Last week in the New York Times article Rice, Across its Spectrum, Mark Bittman included a recipe for Jamaican Rice and Beans. Thus, as the granddaughter of Jamaican immigrants, I am forced to ask an obvious question. Where on earth were the fact checkers? Beans? The unofficial national dish of Jamaica, aka The Coat of Arms, is never, ever called anything other than Rice and Peas, and in that order, lest you be confused for a Bajan.

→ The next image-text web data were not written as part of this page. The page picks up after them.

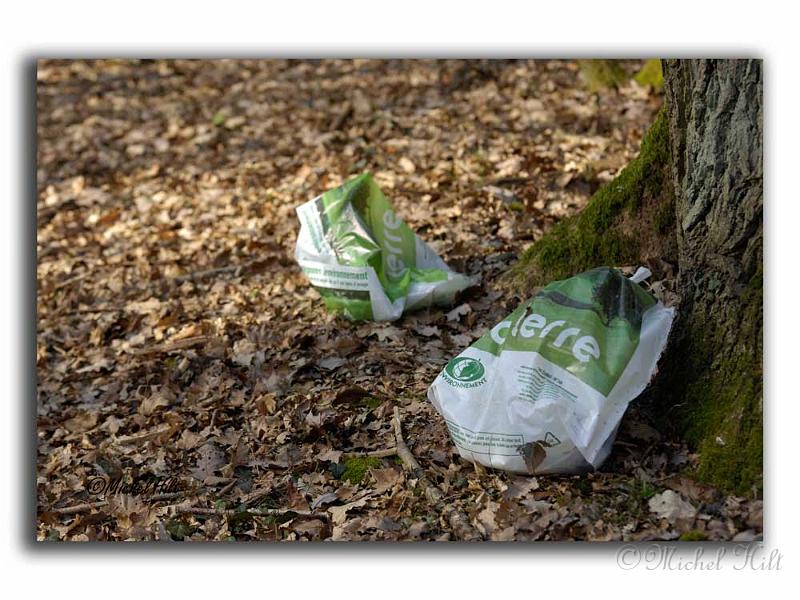 026RSC0021pollution-4.jpg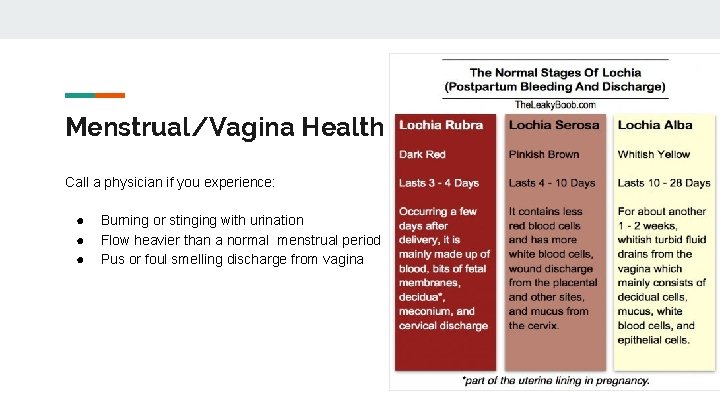 Menstrual/Vagina Health Call a physician if you experience: ● ● ● Burning or stinging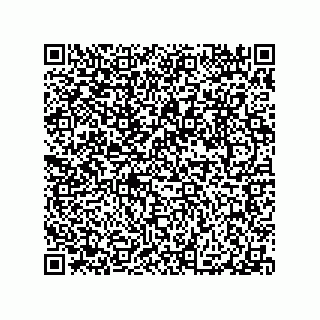 vCard 79063480295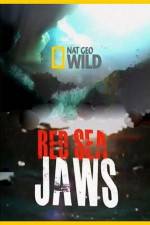 Watch National Geographic Red Sea Jaws Alluc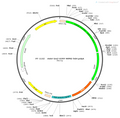 AAV-Ins-EGFP-WPRE-hGH polyA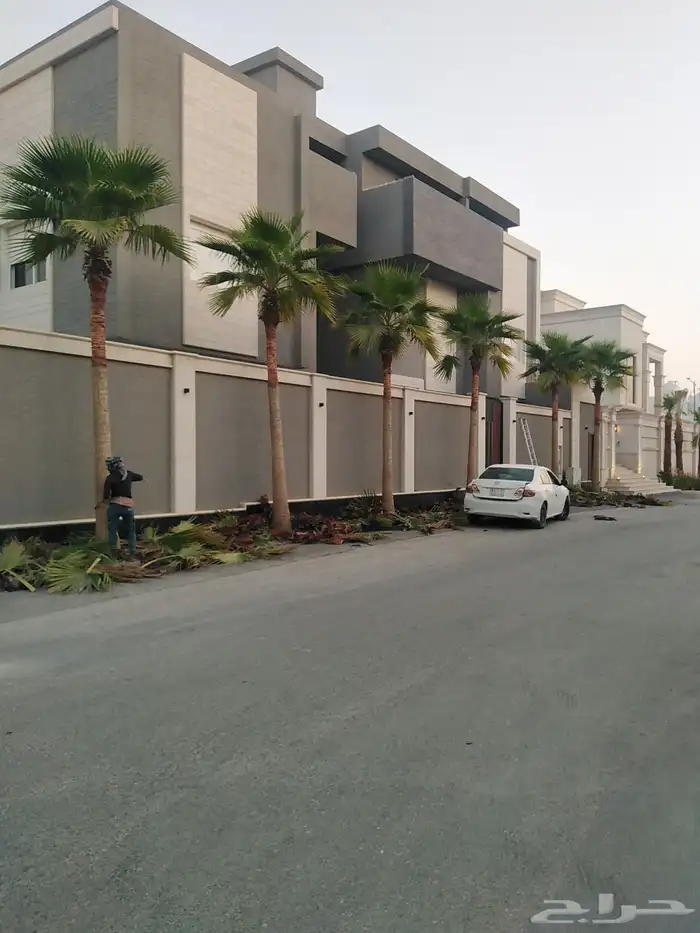 نخل واشنطني ملكي 6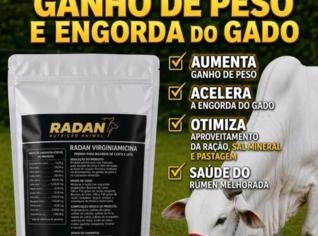 Engorda Boi - Suplemento para Ganho de Peso em SP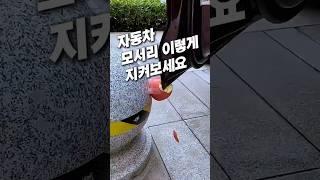 자동차 문콕 방지 하는 법 #차량꿀템 #차량용품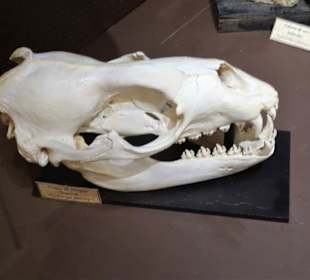 Exponate des Muséum d'histoire naturelle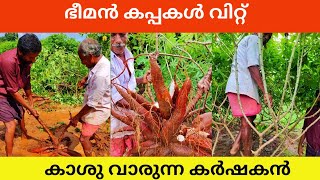 ഒറ്റ തണ്ടിൽ 100 kg വരെ വിളവ് || Biggest Tapioca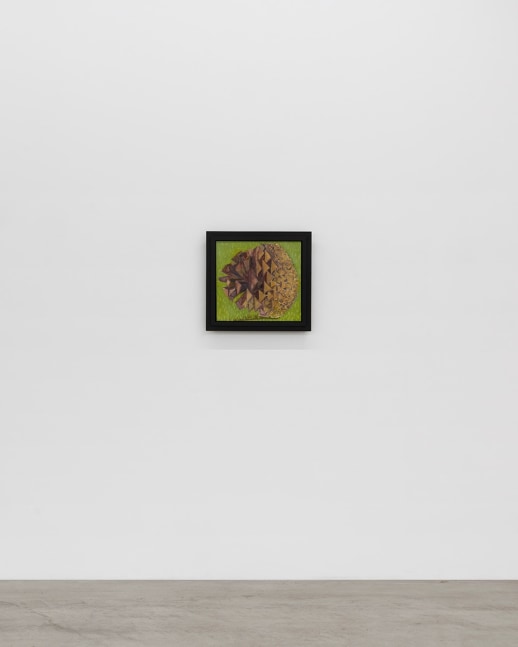 Lois Dodd | Ellen Siebers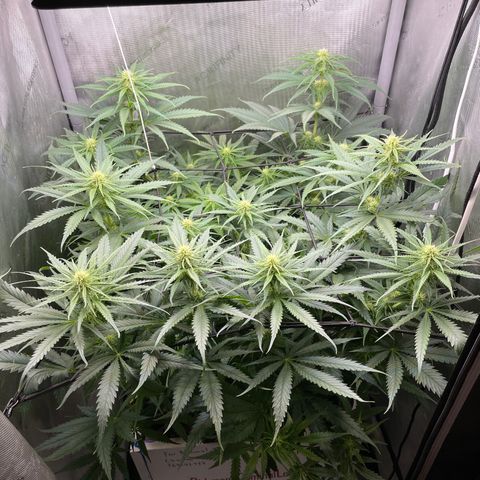 Lambs Breath Fem  growlog timeline photo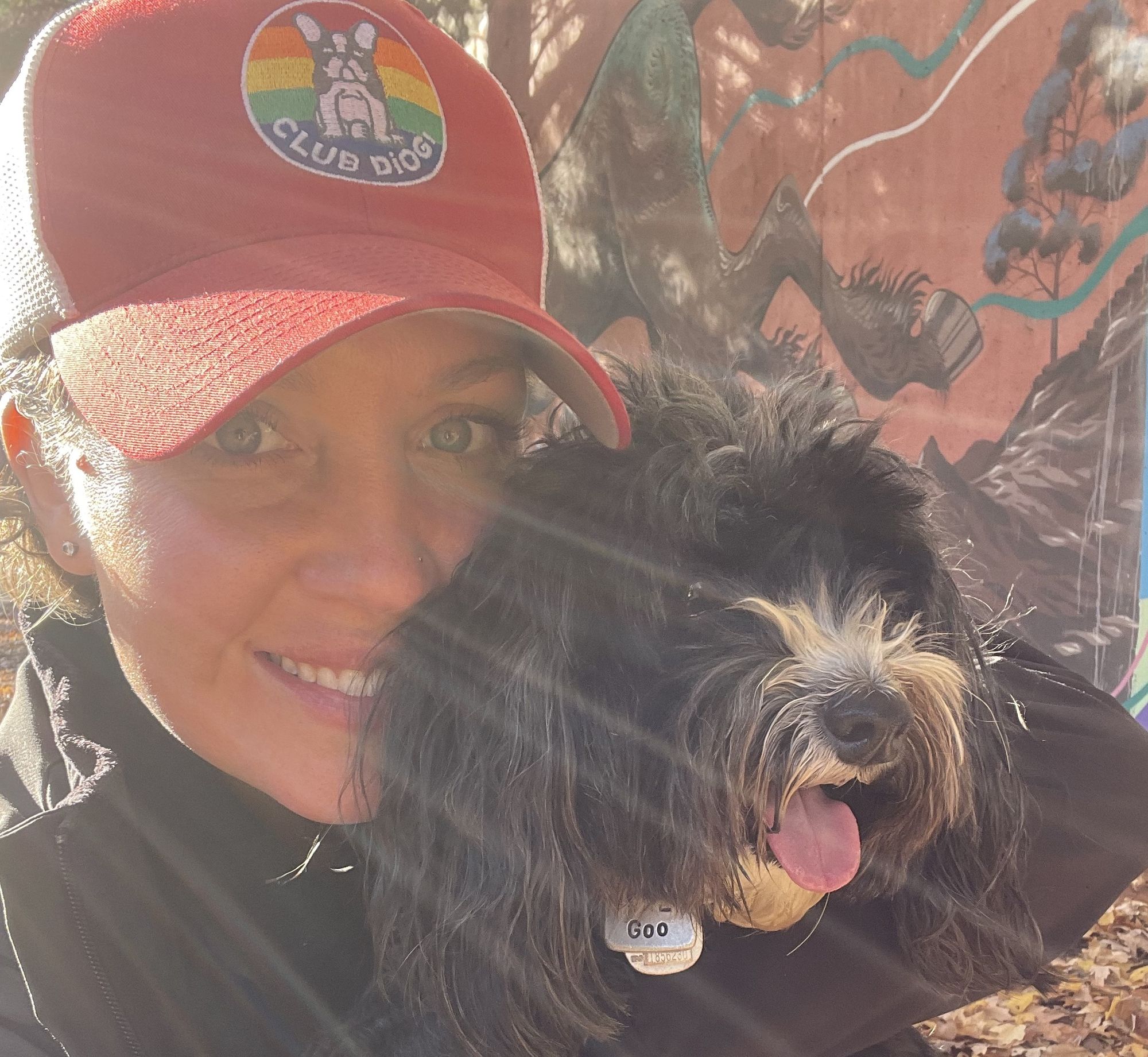 Enrichment-based Dog Daycare & Boarding Facility - Club DiOGi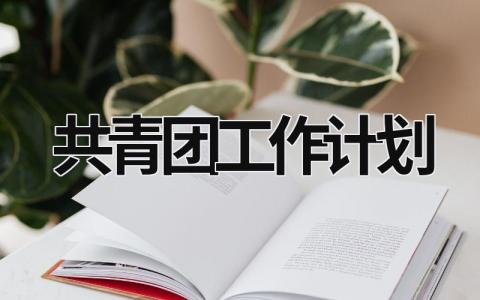 共青团工作计划 (21篇）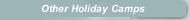 Other Holiday Camps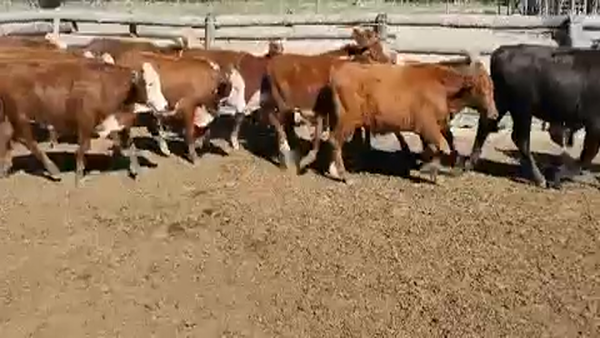 Lote 100 Terneros en Riacho He-He, Formosa
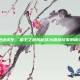 绝地求生，狼主之道揭秘成为顶级玩家的秘诀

Simply put, Rice and Peas are dried legumes cooked with onions, spices, thyme, scotch bonnets, coconut milk and rice. Like Mr. Bittman's version, the dish often uses kidney beans, but peas are not a misnomer. My grandfather traditionally used what he called "gungo peas" or pigeon peas, while my mother chose black eyed peas, perhaps because they were more familiar and readily available in the US.
To be fair, my Jamaican Rice and Peas are via New York not Kingston. Growing up we never used green onions or thyme, which grow wild on the island, but not in Hempstead circa 1972. We did, however, always include coconut, often fresh, and scotch bonnet peppers, in the form of the ever-present bottle of yellow hot sauce. In general, it's a pretty fluid recipe; you can try a pinch of allspice one time, a touch of salt pork the next, maybe even some adobo, but don't mess with the name or it becomes something else entirely.
It's a perfect dish for large family gatherings, especially with Jerk Chicken and a Red Stripe. Just like "back home" even if that's Long Island!